__EXERCISE GOAL__
Below are lines of records; copy exactly those from the one containing "Eurolite CSL-200 Reflektor LED" through the one containing "bola-futsal-penalty-paulistao-s11-xxv-unissex-branca-laranja", leaving the pictures behind.

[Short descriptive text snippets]
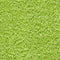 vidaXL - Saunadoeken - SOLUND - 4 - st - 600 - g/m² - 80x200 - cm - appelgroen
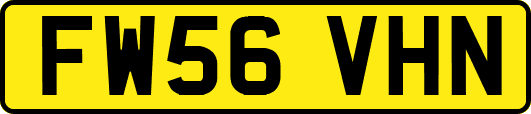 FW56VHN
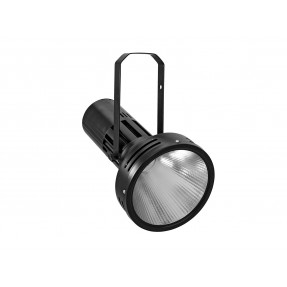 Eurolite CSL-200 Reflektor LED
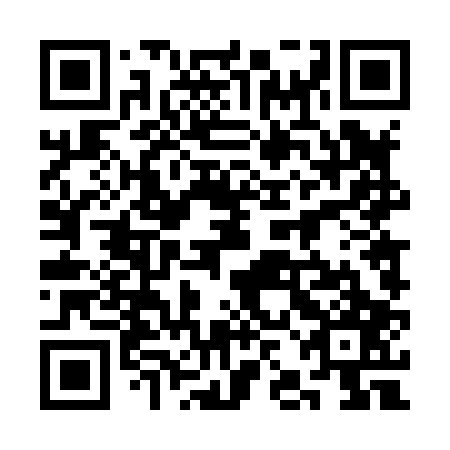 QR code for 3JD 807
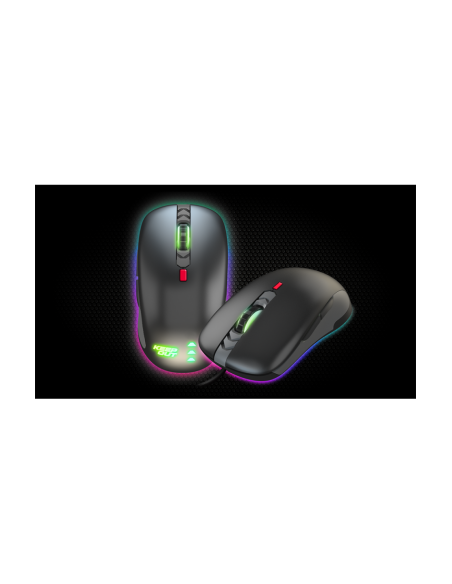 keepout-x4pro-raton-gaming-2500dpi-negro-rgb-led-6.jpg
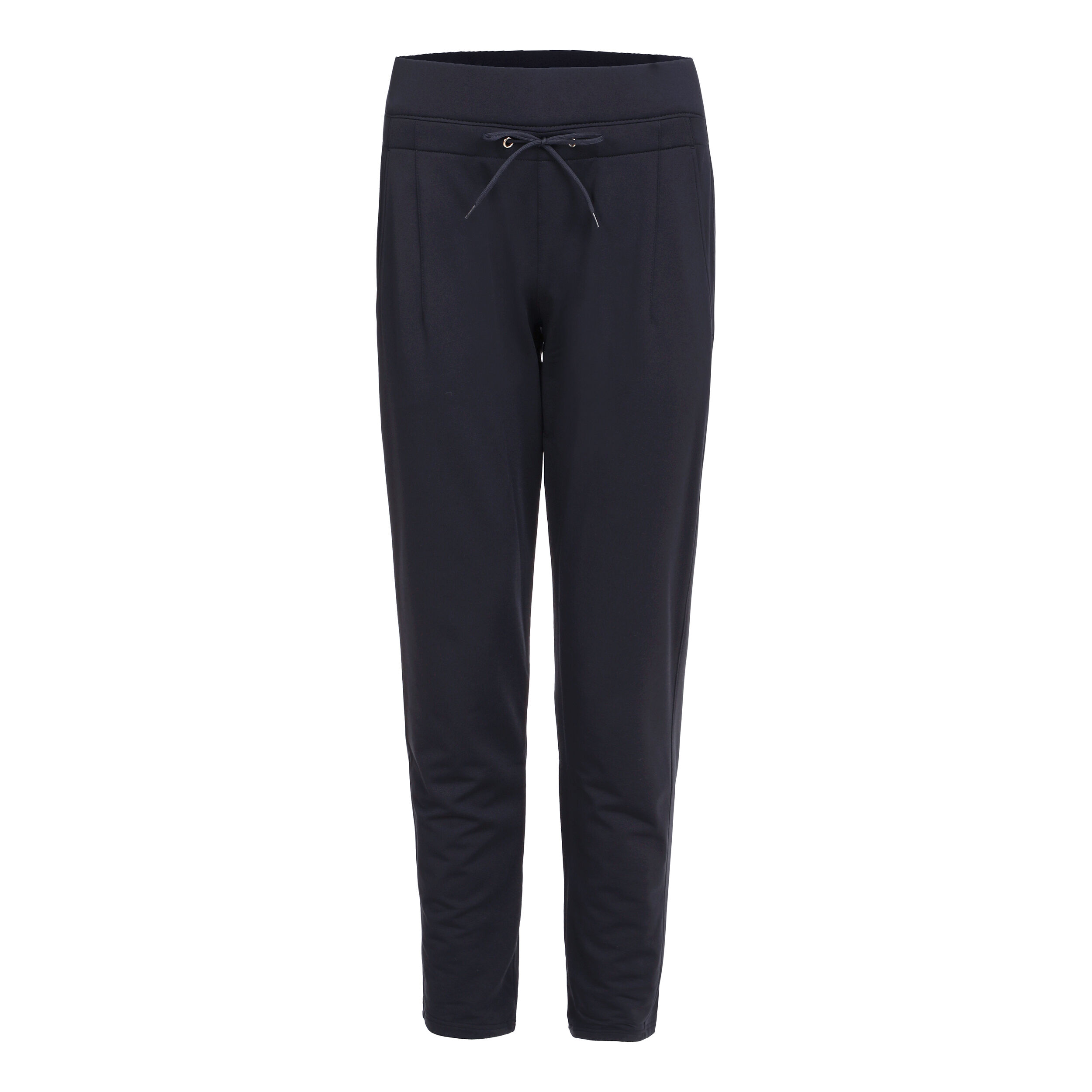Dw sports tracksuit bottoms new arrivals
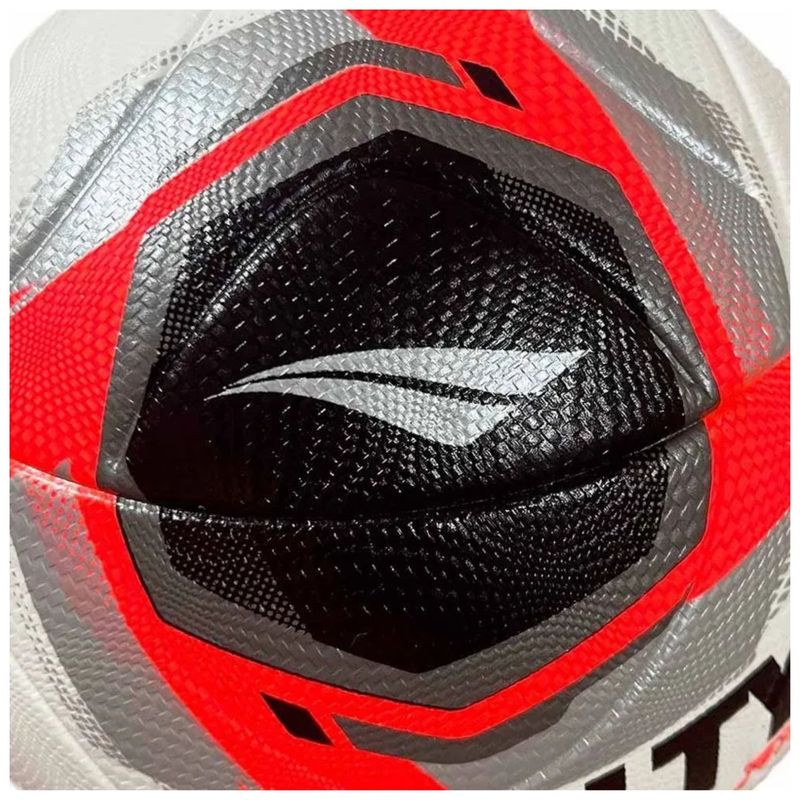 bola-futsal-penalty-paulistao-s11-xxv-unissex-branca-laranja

--

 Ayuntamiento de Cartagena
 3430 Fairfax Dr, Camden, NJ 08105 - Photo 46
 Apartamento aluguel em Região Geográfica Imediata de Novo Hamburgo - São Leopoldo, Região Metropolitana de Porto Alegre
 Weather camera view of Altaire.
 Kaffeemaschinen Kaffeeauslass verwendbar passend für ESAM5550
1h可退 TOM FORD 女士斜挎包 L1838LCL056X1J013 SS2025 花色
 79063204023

__REPLY TO THE TASK__
 Eurolite CSL-200 Reflektor LED
 QR code for 3JD 807
 keepout-x4pro-raton-gaming-2500dpi-negro-rgb-led-6.jpg
Dw sports tracksuit bottoms new arrivals
 bola-futsal-penalty-paulistao-s11-xxv-unissex-branca-laranja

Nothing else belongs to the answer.